You deal with complex problems all day at work, and you’re wired to develop solutions: fixing bugs in your code, optimizing bottlenecks in systems, finding the perfect name to represent an idea in your interface.

Got a flat tire? Get some tools out. Fix that shit.

Started a new gardening project, maybe like growing a lemon tree, and don’t know how to fertilize it? A little googling and you’re ready to get that green thumb going (BTW, NPK: Nitrogen, Phosphorus, Potassium). Problem solved.

So when your wife, partner, or friend comes to you with a problem, it’s time to… STOP stop stop: you know it, you gotta stop that problem solving mind, right? You’ve heard it before: stop trying to solve their problems and LISTEN.

But how do you do that? You can’t just stand there dumb-faced and nodding your head. Well, you probably can, but that’s not gonna win you any brownie points, because then you seem like you don’t care. I’ve been there.

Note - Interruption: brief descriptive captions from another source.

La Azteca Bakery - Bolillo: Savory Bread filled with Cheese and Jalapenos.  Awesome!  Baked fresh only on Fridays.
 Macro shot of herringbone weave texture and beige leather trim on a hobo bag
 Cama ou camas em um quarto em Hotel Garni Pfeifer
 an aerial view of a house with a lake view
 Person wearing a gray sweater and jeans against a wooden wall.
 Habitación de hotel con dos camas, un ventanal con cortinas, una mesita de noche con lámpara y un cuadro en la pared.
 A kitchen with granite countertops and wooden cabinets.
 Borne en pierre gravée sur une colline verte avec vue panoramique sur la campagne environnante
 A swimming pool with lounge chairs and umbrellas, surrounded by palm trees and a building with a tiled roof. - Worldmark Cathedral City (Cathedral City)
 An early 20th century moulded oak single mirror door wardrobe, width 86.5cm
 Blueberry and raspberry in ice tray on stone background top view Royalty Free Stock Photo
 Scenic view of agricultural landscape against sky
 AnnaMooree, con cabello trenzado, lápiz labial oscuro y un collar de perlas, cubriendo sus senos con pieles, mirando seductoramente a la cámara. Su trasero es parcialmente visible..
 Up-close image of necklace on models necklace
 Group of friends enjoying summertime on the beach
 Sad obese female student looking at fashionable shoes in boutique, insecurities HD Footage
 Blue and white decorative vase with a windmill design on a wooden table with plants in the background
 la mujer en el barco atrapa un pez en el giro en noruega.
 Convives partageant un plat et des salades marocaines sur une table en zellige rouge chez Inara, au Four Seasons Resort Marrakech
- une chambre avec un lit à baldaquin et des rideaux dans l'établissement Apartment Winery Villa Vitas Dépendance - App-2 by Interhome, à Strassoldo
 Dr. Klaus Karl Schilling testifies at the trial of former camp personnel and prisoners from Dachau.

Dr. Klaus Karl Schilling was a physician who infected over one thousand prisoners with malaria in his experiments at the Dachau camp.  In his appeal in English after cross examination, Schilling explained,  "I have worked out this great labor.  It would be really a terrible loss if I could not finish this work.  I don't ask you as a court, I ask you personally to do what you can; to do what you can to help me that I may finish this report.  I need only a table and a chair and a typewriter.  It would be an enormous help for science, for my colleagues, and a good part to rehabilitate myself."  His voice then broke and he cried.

The answer, my fellow nerds and over-thinkers, is: Mirroring.

Here’s what you do:

  1. Identify what their feeling is (sadness, anger, frustration, etc.)
  2. Express to them that you know how they’re feeling with what you just identified
  3. Stop there! No solutions!

When your wife comes home and tells you how they had a hard time at work cause Karen in the office is driving her up the wall because she won’t stop interrupting her in meetings, you can respond with:

Wow, that really sucks. It must be so frustrating having Karen interrupt you every time you’re trying to say something important and get things done.

Or maybe:

I can see how it must make you so angry when Karen just speaks right over you when you’re trying to make your point.

See? No solution, and you’re engaged and showing compassion and connecting with them.

You’re essentially saying, “Hey, you’re not alone, I’m here with you, and I can feel how you’re feeling too.” And that in itself is help. Really, it helps. Seems trite, seems simple, but it makes a big impact.

This is sometimes called “Active Listening,” and it can take some practice to get used to if your habit is to provide solutions, especially if solution-building is what you do all day. Try it out, and keep practicing it. The more you do it, the more you’ll find yourself connecting better with the people around you.

We all could use a little more compassion in our lives, and by giving some to others (the cost is nothing!), especially to those we care about, we get the joy of being able to help them.